Security Considerations

  • The plugin embeds Coder's trusted public key in the plugin resources
  • Verification uses detached signatures, which are more secure than attached signatures
  • Users are warned about security risks when verification fails
  • The system gracefully handles cases where signatures are unavailable
  • All verification failures are logged for debugging purposes

Error Handling

The system handles various failure scenarios:

  • Missing signatures: Prompts user to accept risk or abort
  • Invalid signatures: Warns user about potential tampering and prompts user to accept risk or abort
  • Verification failures: Prompts user to accept risk or abort

This signature verification system ensures that users can trust the Coder CLI binaries they download through the plugin, protecting against supply chain attacks and ensuring binary integrity.

Development

To manually install a local build:

  1. Install Jetbrains Gateway
  2. Run ./gradlew clean buildPlugin to generate a zip distribution.
  3. Locate the zip file in the build/distributions folder and follow these instructions on how to install a plugin from disk.
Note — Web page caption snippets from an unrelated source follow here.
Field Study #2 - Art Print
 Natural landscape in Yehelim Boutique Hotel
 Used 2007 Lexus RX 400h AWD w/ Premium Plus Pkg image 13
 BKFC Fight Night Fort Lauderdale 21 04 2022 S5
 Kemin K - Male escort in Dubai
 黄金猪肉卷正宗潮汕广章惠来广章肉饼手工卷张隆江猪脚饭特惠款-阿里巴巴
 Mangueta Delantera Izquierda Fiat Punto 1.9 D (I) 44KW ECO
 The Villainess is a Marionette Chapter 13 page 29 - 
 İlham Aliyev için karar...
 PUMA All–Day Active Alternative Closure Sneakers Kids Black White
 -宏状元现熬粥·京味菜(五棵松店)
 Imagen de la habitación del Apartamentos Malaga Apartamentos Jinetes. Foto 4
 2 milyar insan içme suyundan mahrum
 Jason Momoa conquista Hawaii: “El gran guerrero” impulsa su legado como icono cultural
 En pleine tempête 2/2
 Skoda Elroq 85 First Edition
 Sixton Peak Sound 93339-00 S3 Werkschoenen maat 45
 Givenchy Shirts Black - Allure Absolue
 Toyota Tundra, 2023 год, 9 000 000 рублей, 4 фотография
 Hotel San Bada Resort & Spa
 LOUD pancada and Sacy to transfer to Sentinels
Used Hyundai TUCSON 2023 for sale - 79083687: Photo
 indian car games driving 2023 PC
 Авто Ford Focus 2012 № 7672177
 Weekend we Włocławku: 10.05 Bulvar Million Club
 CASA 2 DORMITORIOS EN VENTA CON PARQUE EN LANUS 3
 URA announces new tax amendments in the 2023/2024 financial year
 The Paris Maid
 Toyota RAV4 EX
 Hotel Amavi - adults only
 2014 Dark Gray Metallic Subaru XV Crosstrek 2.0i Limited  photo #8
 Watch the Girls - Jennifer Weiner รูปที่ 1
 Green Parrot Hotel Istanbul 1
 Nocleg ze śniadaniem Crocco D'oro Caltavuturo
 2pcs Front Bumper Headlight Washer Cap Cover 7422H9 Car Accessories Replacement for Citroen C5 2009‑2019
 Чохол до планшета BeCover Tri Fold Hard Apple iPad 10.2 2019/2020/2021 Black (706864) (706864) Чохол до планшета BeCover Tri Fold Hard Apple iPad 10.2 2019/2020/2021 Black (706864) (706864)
Alternatively, ./gradlew clean runIde will deploy a Gateway distribution (the one specified in gradle.properties - platformVersion) with the latest plugin changes deployed.

To simulate opening a workspace from the dashboard pass the Gateway link via --args. For example:

./gradlew clean runIDE --args="jetbrains-gateway://connect#type=coder&workspace=dev&agent=coder&folder=/home/coder&url=https://dev.coder.com&token=<redacted>&ide_product_code=IU&ide_build_number=223.8836.41&ide_download_link=https://download.jetbrains.com/idea/ideaIU-2022.3.3.tar.gz"

Alternatively, if you have separately built the plugin and already installed it in a Gateway distribution you can launch that distribution with the URL as the first argument (no --args in this case).

If your change is something users ought to be aware of, add an entry in the changelog.

Generally we prefer that PRs be squashed into main but you can rebase or merge if it is important to keep the individual commits (make sure to clean up the commits first if you are doing this).

Testing

Run tests with ./gradlew test. By default this will test against https://dev.coder.com but you can set CODER_GATEWAY_TEST_DEPLOYMENT to a URL of your choice or to mock to use mocks only.

There are two ways of using the plugin: from standalone Gateway, and from within an IDE (File > Remote Development). There are subtle differences so it makes usually sense to test both. We should also be testing both the latest stable and latest EAP.

Plugin compatibility

./gradlew runPluginVerifier can check the plugin compatibility against the specified Gateway. The integration with Github Actions is commented until this gradle intellij plugin issue is fixed.

Releasing

  1. Check that the changelog lists all the important changes.
  2. Update the gradle.properties version.
  3. Publish the resulting draft release after validating it.
  4. Merge the resulting changelog PR.

main vs eap branch

Sometimes there can be API incompatibilities between the latest stable version of Gateway and EAP ones (Early Access Program).

If this happens, use the eap branch to make a separate release. Once it becomes stable, update the versions in main.

Supported Coder versions

Coder Gateway includes checks for compatibility with a specified version range. A warning is raised when the Coder deployment build version is outside of compatibility range.

At the moment the upper range is 3.0.0 so the check essentially has no effect, but in the future we may want to keep this updated.